Bread in a jar is so 2010. And cake in a jar? Hello 1908. But brownies in a jar? Now you’re speaking my language.
I figured that if bread, cake and even cookies can squeeze themselves into canning jars, then who’s to say that brownies can’t share in the confectionery claustrophobia?
This unique baking technique seems to be sweeping the food blogosphere. First it was “_____ On a Stick,” and now it’s “_____ In a Jar.” But by far the best part of baking anything in a jar is that there’s an excuse for an ice cream topper, which creates a swirl of creamy vanilla bean and fudgy chocolate, all in a convenient cup. I’d say that beats pickled anything.
The next big craze? I’d like to be the first to guess that “Frozen _____ In an Ice Cube Tray” is about to hit it big. I wish I was kidding. I do it to my pesto. Friends do it to their chicken stock. Dessert cubes are a natural progression.
- Butter, for greasing jars
- Your favorite brownie mix, homemade or a boxed mix
- Vanilla ice cream, optional
- Preheat the oven to 350ºF.
- Thoroughly grease the inside of four clean canning jars with butter. Set aside.
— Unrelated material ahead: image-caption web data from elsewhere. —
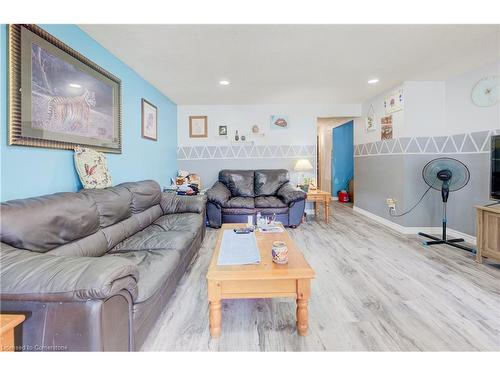 20 Blackwell Drive, Kitchener, ON - Indoor Photo Showing Living Room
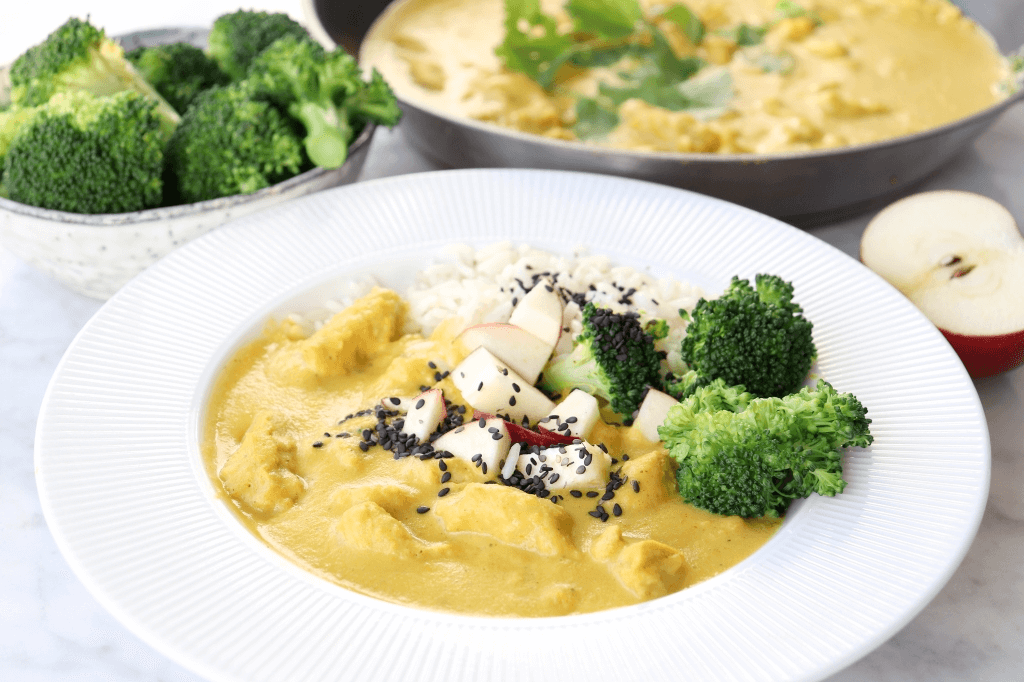 Plantestykker i karry med ris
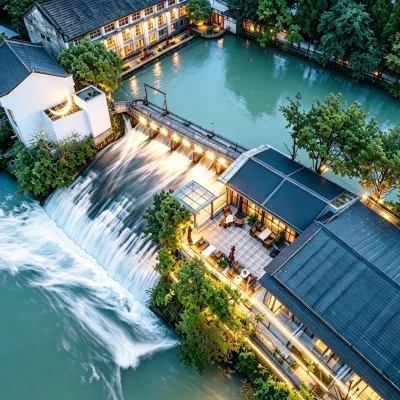Hidden Cloud Villa · Qingcheng Cliff Hot Spring Resort (Dujiangyan Scenic Spot) Hotels near Panda Valley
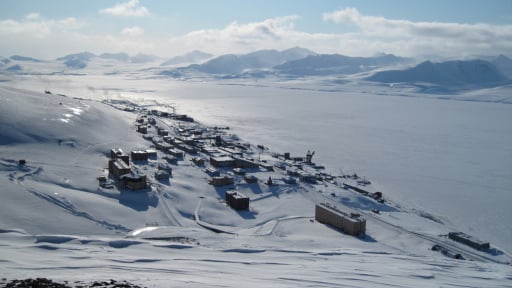 Chiêm ngưỡng hòn đảo Svalbard ở phía bắc Na Uy, nơi mặt trời không lặn trong 4 tháng
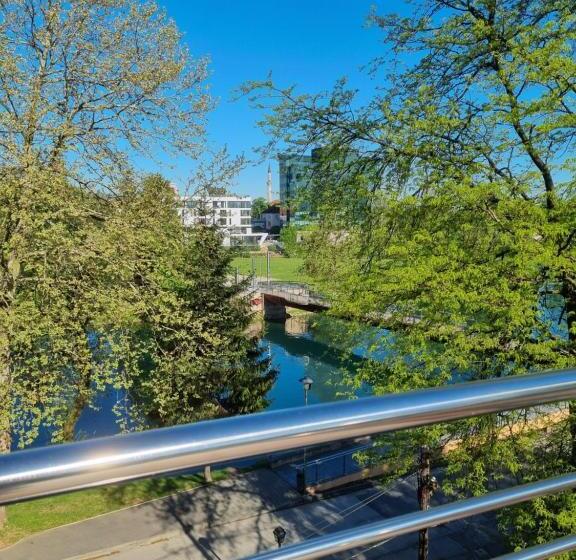 اتاق استاندارد با چشم‌انداز رودخانه, City Bridge Guest House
- Prepare the brownie batter per your recipe's instructions.
- Pour the batter into each of the greased jars, filling them one-fourth full. Tap the jars lightly on the counter to release any air bubbles. Place the filled jars on a cookie sheet, arranged so that they are not touching each other.
- Bake the jars for 40 to 45 minutes, or until a toothpick inserted comes out clean.
- Top with a scoop of vanilla ice cream.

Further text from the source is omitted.